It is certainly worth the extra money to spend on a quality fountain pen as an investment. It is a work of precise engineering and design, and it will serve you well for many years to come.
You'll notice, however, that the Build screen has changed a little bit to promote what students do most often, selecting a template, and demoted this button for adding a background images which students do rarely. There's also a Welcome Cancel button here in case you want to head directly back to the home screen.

==

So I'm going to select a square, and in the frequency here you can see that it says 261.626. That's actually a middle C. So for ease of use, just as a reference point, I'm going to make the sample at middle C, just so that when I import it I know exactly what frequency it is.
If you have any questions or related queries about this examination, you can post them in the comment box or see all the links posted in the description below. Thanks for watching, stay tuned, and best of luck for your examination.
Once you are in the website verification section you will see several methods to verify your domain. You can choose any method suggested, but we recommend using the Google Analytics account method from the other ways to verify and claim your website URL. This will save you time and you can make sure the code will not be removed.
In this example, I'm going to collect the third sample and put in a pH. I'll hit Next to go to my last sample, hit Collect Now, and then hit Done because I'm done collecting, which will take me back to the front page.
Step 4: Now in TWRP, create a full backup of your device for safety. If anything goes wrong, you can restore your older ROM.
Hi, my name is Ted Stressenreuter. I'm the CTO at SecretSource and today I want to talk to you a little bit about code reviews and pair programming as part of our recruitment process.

### [The problem]
Extract each line from the entries above that contains the string "sample".

### [Answer below]
So I'm going to select a square, and in the frequency here you can see that it says 261.626. That's actually a middle C. So for ease of use, just as a reference point, I'm going to make the sample at middle C, just so that when I import it I know exactly what frequency it is.
In this example, I'm going to collect the third sample and put in a pH. I'll hit Next to go to my last sample, hit Collect Now, and then hit Done because I'm done collecting, which will take me back to the front page.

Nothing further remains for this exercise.